The 2^(AC/10) means that every time you add +10 AC (or +10 ATK) your threat doubles. This is a bit conservative (and I was surprised when it fell out); usually I model AC/ATK as doubling threat every +5 not every +10.
Such "simple" analysis falls apart when dealing with complex monsters, because how you deal with (say) an ability to teleport and take half damage, regeneration, or immunity to 4th level and lower spells ends up dominating the calculation; how those are handled isn't specified by this math.
But there are a myriad of "brawler" monsters out there you can run this math on.
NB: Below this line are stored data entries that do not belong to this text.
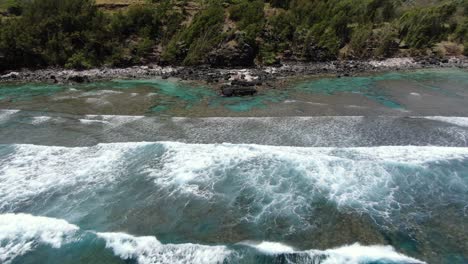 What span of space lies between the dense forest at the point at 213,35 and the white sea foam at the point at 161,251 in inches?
1624

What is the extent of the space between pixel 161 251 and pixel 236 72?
3760 centimetres

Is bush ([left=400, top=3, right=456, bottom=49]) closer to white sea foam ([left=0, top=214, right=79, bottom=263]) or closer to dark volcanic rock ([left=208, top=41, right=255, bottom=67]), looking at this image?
dark volcanic rock ([left=208, top=41, right=255, bottom=67])

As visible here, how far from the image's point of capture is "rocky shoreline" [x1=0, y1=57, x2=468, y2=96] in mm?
44812

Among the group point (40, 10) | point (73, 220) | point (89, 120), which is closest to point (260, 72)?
point (89, 120)

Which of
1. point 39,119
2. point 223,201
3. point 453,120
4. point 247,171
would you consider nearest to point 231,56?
point 39,119

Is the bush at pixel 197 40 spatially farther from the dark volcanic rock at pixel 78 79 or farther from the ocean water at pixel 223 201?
the ocean water at pixel 223 201

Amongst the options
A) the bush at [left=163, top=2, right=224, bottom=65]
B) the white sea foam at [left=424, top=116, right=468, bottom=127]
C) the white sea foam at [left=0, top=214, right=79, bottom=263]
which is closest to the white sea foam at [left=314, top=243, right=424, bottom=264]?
the white sea foam at [left=0, top=214, right=79, bottom=263]

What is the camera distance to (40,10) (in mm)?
57250

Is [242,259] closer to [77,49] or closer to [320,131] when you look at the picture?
[320,131]

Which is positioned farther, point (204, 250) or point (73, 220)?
point (73, 220)

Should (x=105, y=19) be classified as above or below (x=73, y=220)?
above

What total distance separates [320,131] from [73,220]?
19868 mm

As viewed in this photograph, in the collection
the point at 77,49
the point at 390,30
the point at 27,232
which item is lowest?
the point at 27,232

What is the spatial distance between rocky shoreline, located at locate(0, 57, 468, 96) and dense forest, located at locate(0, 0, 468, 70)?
2941 millimetres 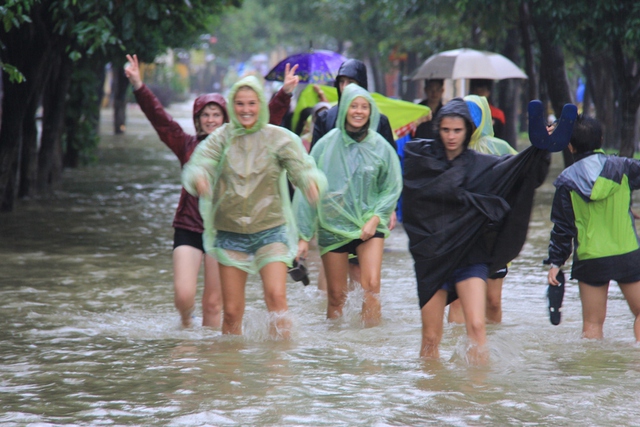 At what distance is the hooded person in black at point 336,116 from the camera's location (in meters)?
7.62

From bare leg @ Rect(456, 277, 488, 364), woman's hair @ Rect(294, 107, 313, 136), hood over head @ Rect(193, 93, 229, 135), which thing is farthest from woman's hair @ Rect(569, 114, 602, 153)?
woman's hair @ Rect(294, 107, 313, 136)

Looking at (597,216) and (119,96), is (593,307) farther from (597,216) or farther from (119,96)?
(119,96)

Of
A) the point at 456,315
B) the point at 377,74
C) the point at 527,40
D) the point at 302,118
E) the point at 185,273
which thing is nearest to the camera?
the point at 185,273

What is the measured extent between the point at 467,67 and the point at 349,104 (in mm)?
7707

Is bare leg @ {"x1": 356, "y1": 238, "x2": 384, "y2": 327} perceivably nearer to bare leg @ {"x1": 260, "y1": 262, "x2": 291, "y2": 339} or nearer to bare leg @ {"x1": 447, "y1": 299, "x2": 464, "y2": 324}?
bare leg @ {"x1": 447, "y1": 299, "x2": 464, "y2": 324}

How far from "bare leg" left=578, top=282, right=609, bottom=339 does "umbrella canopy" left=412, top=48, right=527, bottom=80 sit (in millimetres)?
8063

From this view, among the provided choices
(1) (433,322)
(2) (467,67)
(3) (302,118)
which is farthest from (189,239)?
(2) (467,67)

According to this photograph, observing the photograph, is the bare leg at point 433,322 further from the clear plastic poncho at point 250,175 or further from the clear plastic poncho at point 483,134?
the clear plastic poncho at point 483,134

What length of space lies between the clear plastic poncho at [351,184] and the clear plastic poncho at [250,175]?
0.88 metres

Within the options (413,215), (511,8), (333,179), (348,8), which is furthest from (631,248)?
(348,8)

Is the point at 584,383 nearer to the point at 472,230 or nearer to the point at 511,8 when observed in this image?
the point at 472,230

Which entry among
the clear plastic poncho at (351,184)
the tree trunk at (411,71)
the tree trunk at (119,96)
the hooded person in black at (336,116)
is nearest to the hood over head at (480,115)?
the clear plastic poncho at (351,184)

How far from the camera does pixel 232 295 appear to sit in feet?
21.1

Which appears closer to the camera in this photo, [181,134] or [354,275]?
[181,134] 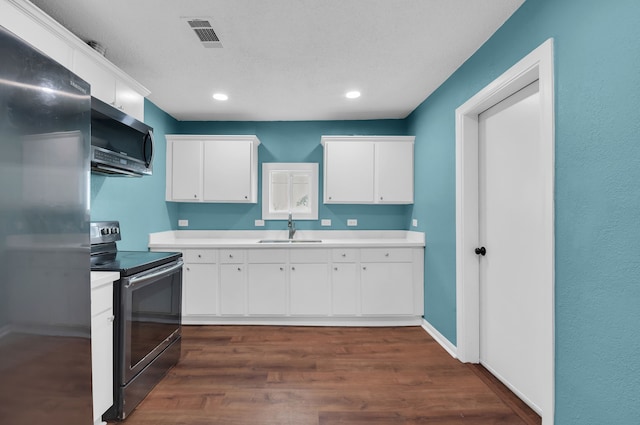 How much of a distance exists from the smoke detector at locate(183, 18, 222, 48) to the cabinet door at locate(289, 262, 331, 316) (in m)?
2.22

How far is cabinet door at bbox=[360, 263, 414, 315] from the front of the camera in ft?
11.3

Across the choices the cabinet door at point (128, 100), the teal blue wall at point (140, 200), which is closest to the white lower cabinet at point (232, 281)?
the teal blue wall at point (140, 200)

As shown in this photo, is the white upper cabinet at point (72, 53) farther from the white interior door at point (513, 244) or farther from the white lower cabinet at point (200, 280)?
the white interior door at point (513, 244)

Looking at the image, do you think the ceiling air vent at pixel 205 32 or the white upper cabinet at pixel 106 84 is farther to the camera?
the ceiling air vent at pixel 205 32

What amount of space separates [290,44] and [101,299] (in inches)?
80.9

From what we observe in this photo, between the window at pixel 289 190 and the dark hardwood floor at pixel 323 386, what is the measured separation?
158 centimetres

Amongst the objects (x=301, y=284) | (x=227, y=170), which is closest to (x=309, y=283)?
(x=301, y=284)

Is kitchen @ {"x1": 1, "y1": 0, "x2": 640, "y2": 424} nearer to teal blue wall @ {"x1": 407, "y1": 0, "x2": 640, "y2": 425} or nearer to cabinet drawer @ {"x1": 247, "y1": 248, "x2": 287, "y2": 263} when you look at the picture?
teal blue wall @ {"x1": 407, "y1": 0, "x2": 640, "y2": 425}

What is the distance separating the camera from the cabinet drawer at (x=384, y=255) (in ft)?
11.4

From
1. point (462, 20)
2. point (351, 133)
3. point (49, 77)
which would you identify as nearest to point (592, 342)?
point (462, 20)

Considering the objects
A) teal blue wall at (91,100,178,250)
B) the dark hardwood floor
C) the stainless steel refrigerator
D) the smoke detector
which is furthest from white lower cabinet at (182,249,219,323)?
the stainless steel refrigerator

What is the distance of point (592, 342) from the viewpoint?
139 cm

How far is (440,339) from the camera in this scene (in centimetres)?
301

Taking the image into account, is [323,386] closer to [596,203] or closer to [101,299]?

As an example, using this on the Legacy TRex:
XP =~ 1/12 * [33+20] * [136] * 2^((10+13)/10)
= 1/12 * 53 * 136 * 2^2.3
= 2958 XP
And ... the monster has 3900 XP in the book. If you treat the restrain-bite as a significant advantage, it would explain the gap.
Legacy Giant Ape:
XP =~ 1/12 * [22*2] * [157] * 2^((9+12)/10)
= 1/12 * 44 * 157 * 2^2.1
= 2468 XP
It has 2900 XP as published. Again, pretty close by my standards.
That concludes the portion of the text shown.